So how do you define the antiparticle of a photon, if antiphoton doesn't exist? Which of the quantum numbers of a photon are 'opposite/different' in its antiparticle?
 
  • #5
Ranku said:
So how do you define the antiparticle of a photon, if antiphoton doesn't exist? Which of the quantum numbers of a photon are 'opposite/different' in its antiparticle?

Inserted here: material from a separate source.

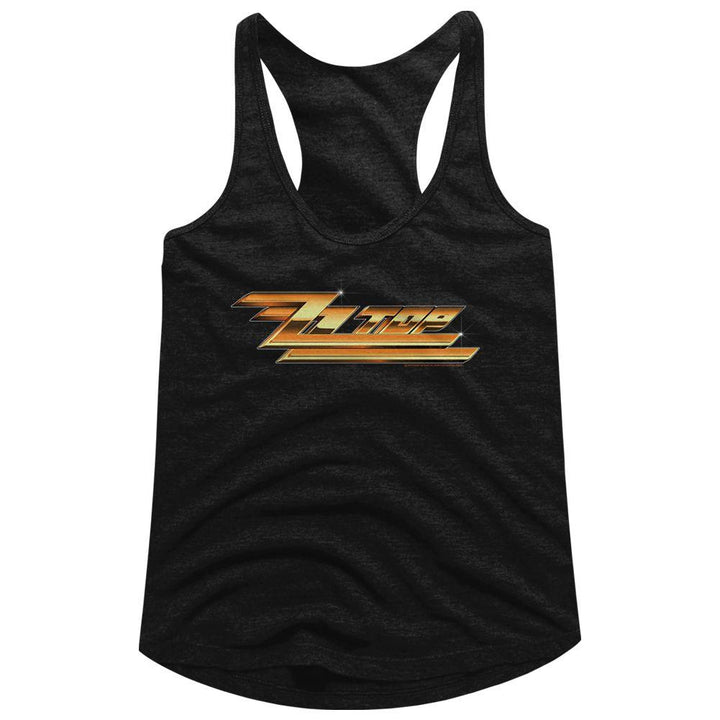 ZZ Top Logo Womens Racerback Tank - HYPER iCONiC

Can't the same question be asked of any "force carrier" particle? Photons are (massless) carriers of the EM force, and are emitted when charge-carrying particle/antiparticle pairs annihilate. Gluons are the (also massless) carriers of the strong force, and are emitted when color-carrying particle/antiparticle pairs annihilate. So perhaps it is generally true that these massless carrier particles have no antiparticles? I guess that may be a bit ambiguous, since QCD requires 8 distinct kinds of gluons, and I guess none of them have ever been observed directly, but I have not read that they are generally organized into gluon-antigluon pairs.

Anyhow, what would be emitted in the annihilation of a putative photon-antiphoton pair? I mean, energy and momentum have to be conserved, right?

EDIT: so, to further qualify my own question, I know electron-positron pair production is possible if the photon energy is high enough ... I am trying to understand the general situation that would be valid at all photon energies.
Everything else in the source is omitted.